The decreases for the three and six month periods were primarily due to a
decrease in the average outstanding balance of the convertible debentures.
INTEREST INCOME - Interest income was $158,000 and $236,000 for the three and
six months, respectively, ended February 27, 1998, compared to none and $1,400
for the same periods ended February 28, 1997. The increases are due to the
increase in cash equivalent balances at February 27, 1998, primarily as a result
of an increase in customer deposits.
INCOME TAX EXPENSES - For the six months ended February 27, 1998, income tax
expense of $893,000 was comprised of a federal and state deferred income tax
expense of $799,000 and $94,000, respectively. There was no current federal or
state income tax expense due to utilization of tax net operating loss
carryforwards.
LIQUIDITY AND CAPITAL RESOURCES
SIX MONTHS ENDED FEBRUARY 27, 1998
During the first six months of fiscal 1998, operating activities provided cash
of $8,190,000. Increases in customer deposits and net earnings adjusted for
non-cash expenses provided cash of $3,495,000 and $3,706,000, respectively.
Decreases in inventory and accounts receivable provided cash of $1,044,000 and
$639,000 respectively, while decreases in accounts payable and accrued expenses
used cash of $710,000. Cash used by investing activities for property and
equipment expenditures and capitalized software additions was $444,000.
Financing activities used cash of $284,000 for scheduled repayments of long-term
obligations and provided cash of $3,000 from exercise of stock options.
At February 27, 1998, no balances were outstanding under the revolving
line-of-credit, which expires May 4, 1999, or upon demand. Borrowings under the
revolving line of credit are subject to availability advance formulas of 80%
against eligible accounts receivable; 20% of eligible raw material inventories;
20% of eligible work-in-process kit inventories; and 40% to 50% of eligible
finished goods inventories. Advances against inventory are subject to a sublimit
of $2,000,000. Approximately, $4,523,000 was available to borrow at February 27,
1998 under the advance formulas. In addition, at February 27, 1998, the Company
was in compliance with the line-of-credit covenants.
During the first six months of fiscal 1998, $1,285,000 of convertible debentures
were converted into 950,658 shares of common stock.
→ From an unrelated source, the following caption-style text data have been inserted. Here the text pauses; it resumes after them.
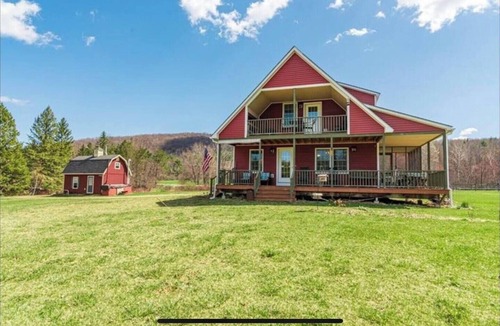 Danby House | Magic Wonderland in Green Mtns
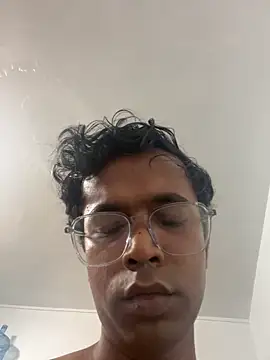 hotbottominr online show from April 25, 2:25 pm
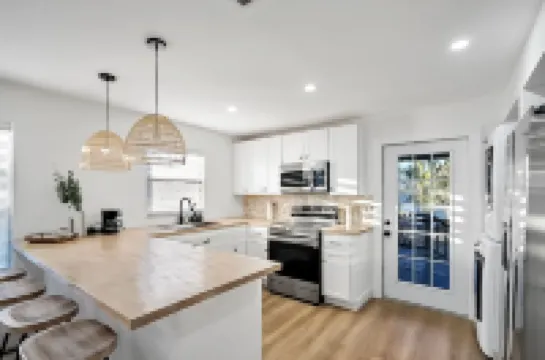 2 Bedroom Home in Fort Myers by Sanibel & Beaches, Private, WiFi, AC, Sleeps 6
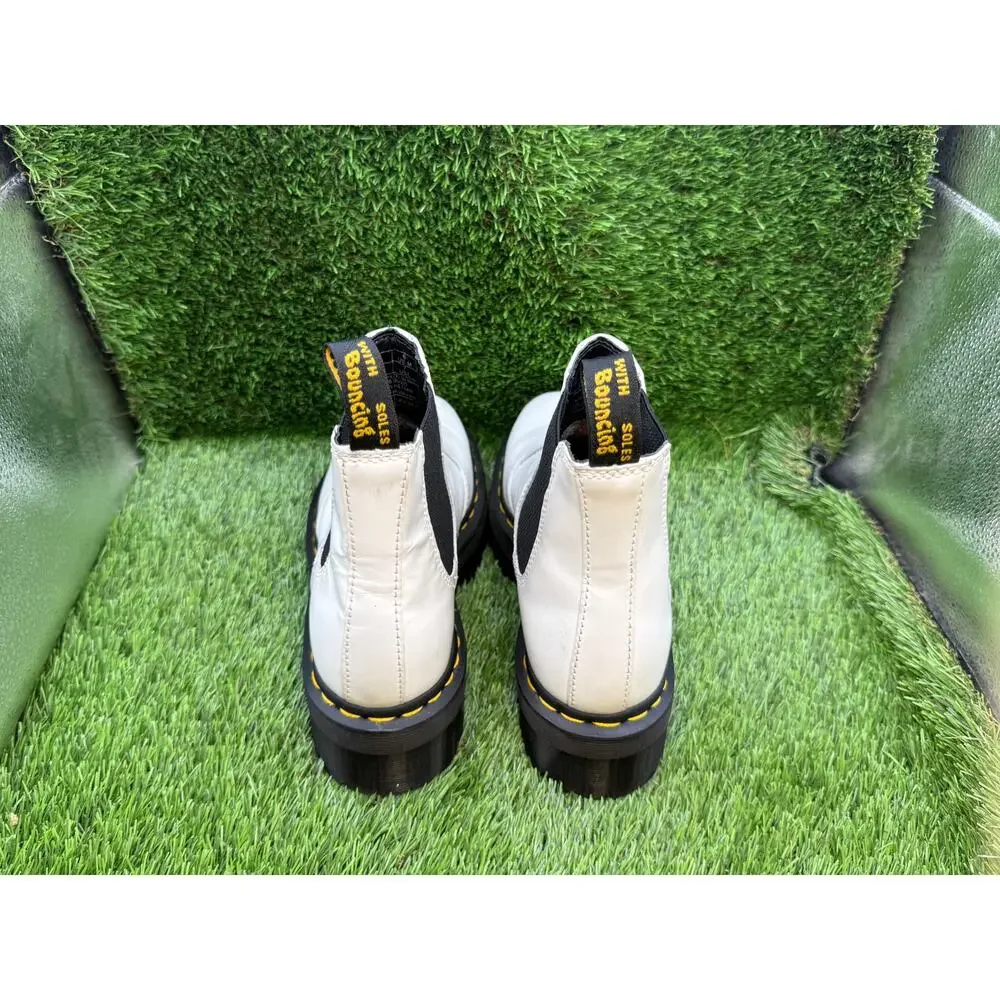 Dr. Martens 2976 QUAD Chelsea Boot Unisex M6/W7 White Leather Platform Pull-On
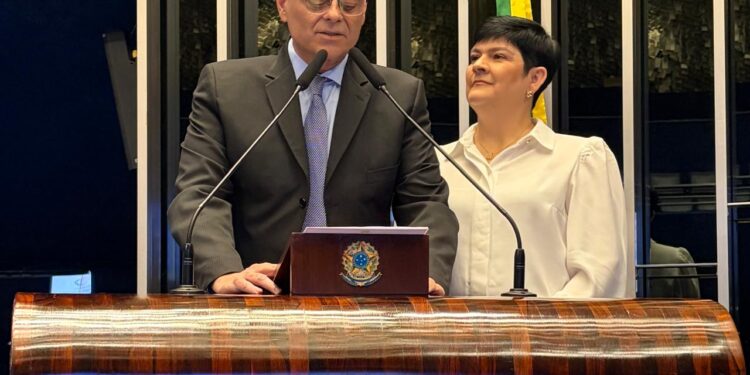 Equipes de Nossa Senhora recebem homenagem no Senado Federal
No convertible debentures
remained outstanding at February 27, 1998.
The Company expects that its current cash and cash equivalents combined with
expected cash flows from operating activities and the Company's available
line-of-credit will be sufficient to support the Company's operations during
fiscal 1998.
14
<PAGE>
YEAR 2000
The Company has performed a review of its computer systems and products to
identify modifications required to become year 2000 compliant. The Company does
not believe there is a material cost associated with these modifications, and
currently expects such modifications to be completed by December 31, 1998. The
Company is in the process of reviewing the implications of Year 2000 compliance
issues associated with its suppliers, customers, distributors, banking
institutions, service providers and others. Any Year 2000 compliance problems by
these parties could result in a material adverse effect on the Company's
business, financial condition and results of operations.
15
<PAGE>
PART II. OTHER INFORMATION
- ---------------------------
Item 4. Submission of Matters to a Vote of Security Holders
---------------------------------------------------
On January 27, 1998, the Annual Meeting of Shareholders was held and
the following matters were voted upon:
(1) The shareholders approved the election of the following
nominee to the Board of Directors:
James H. Morgan, Jr.
9,647,759 votes FOR
554,809 votes WITHHELD
The terms of office of C. Troy Woodbury, Jr., Robert A.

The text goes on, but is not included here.